# [What you need to do]
Below are some records. Print exactly the lines between the one holding "(s04-013) Monster Trucks" and the one holding "Diploma o Diskarte", inclusive, and nothing else.

** Data in this exercise follows **

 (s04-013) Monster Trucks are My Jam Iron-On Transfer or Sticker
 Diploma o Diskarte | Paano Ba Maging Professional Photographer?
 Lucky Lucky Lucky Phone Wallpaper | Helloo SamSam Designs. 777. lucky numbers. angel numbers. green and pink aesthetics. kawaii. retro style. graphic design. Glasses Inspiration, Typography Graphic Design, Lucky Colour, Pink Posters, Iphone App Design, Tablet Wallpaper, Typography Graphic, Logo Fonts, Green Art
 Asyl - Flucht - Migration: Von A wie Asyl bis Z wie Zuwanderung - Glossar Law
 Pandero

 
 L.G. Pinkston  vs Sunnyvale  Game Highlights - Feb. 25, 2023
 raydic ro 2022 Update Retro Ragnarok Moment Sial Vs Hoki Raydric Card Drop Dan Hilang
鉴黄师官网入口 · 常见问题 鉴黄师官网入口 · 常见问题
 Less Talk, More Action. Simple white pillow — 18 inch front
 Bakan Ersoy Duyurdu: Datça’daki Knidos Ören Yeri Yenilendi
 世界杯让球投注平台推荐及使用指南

** End of Data in this exercise **
** Data in this exercise follows **

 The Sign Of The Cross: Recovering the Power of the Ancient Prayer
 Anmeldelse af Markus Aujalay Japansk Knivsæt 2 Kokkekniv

** End of Data in this exercise **

# [Your solution]
 (s04-013) Monster Trucks are My Jam Iron-On Transfer or Sticker
 Diploma o Diskarte | Paano Ba Maging Professional Photographer?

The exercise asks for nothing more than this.